21 marca 2019

To się nazywa update statusu ;-). Był luksus, konto VIP i „platyna” w kieszeni. A gdy poprosił o kredyt… czar prysł. Bo klient bez krawata…

To się nazywa update statusu ;-). Był luksus, konto VIP i „platyna” w kieszeni. A gdy poprosił o kredyt… czar prysł. Bo klient bez krawata…

Łaska pańska na pstrym koniu jeździ. Łaska banku też porusza się na jakiejś szkapie, o czym boleśnie przekonał się pan Marcin, klient VIP banku Santander (do niedawna BZ WBK). A w zasadzie chyba były VIP

Pan Marcin myślał, że jest Bardzo Ważnym Klientem. Bank komunikował mu to na każdym kroku. Może nie rozwijał przed nim czerwonych dywanów, ale zaoferował specjalne konto, specjalną kartę i specjalne, platynowe „otoczenie”. A konkretnie – konto VIP oraz kartę kredytową Platinum VIP z limitem 30.000 zł. Może ów limit nie sugeruje szczególnie daleko posuniętej „VIP-owatości” klienta, ale platyna to platyna. Trzeba wierzyć, że gdyby klient chciał mieć limit nie 30.000 zł lecz 300.000 zł, to by miał.

Zobacz również:

Kłopot w tym, że mój czytelnik zaczął podkopywać swoją „VIP-owatość”. Mianowicie w styczniu tego roku zrezygnował z owej platynowej karty kredytowej, ponieważ generowała – jego zdaniem – zbyt wysokie koszty obsługi. Różne opłaty, prowizje, koszty przewalutowań przy płatnościach zagranicznych… Nawet VIP czasem liczy pieniądze.

„Zamiast tej karty poprosiłem bank o inną, z limitem 10.000 zł. I tu napotkałem na problemy. Po rozmowie z przedstawicielem banku okazało się, że jestem niewiarygodny finansowo. Przedstawiciel banku nie powiedział mi tego wprost, ale tak go zrozumiałem. Nie otrzymam żadnej karty, ani kredytu, ani debetu na koncie. Tak mi powiedzieli”
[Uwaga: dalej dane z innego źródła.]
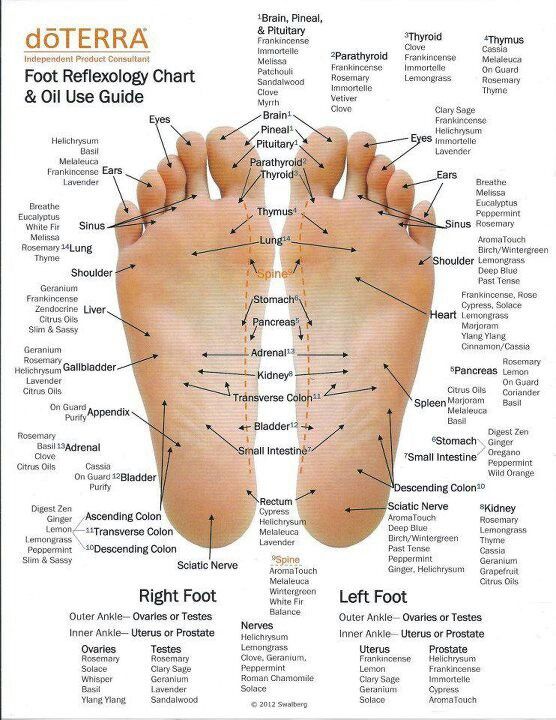 pin on doterra reflexology foot chart top of foot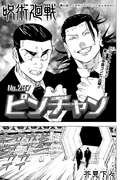 Chapter 243.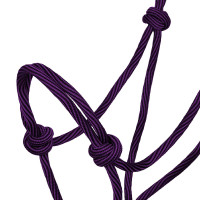 Licol Corde Nouée Réglable Waves Design 8mm Pool's Violet / noir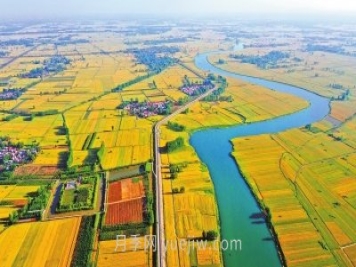 驻马店农业：国际农都气如虹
Cóż wiadomo, że każda rekonfiguracja relacji z bankiem oznacza też aktualizację oceny wiarygodności płatniczej. Jeśli kiedyś pan Marcin „zasłużył” na kartę VIP, to jej używał pomimo, że w tzw. międzyczasie mógł utracić zdolność kredytową na tak wysokie kwoty. Mój czytelnik jednak się zdziwił, bo regulował swoje zobowiązania terminowo i nie ma na sumieniu żadnych grzechów. Zero zaległości płatniczych, zero nie spłacanych w terminie rat. O co więc może chodzić?

„Jestem świadomym klientem usług bankowych i nawet pani z banku potwierdziła mi telefonicznie, że mam bardzo dobrą opinię w BIK. W trakcie rozmowy okazało się, że problemem może być mój kredyt na mieszkanie we frankach. Pani wyjaśniła, że w styczniu został zmieniony mechanizm oceny ryzyka i prawdopodobnie kredyt walutowy waży w nim znacznie więcej”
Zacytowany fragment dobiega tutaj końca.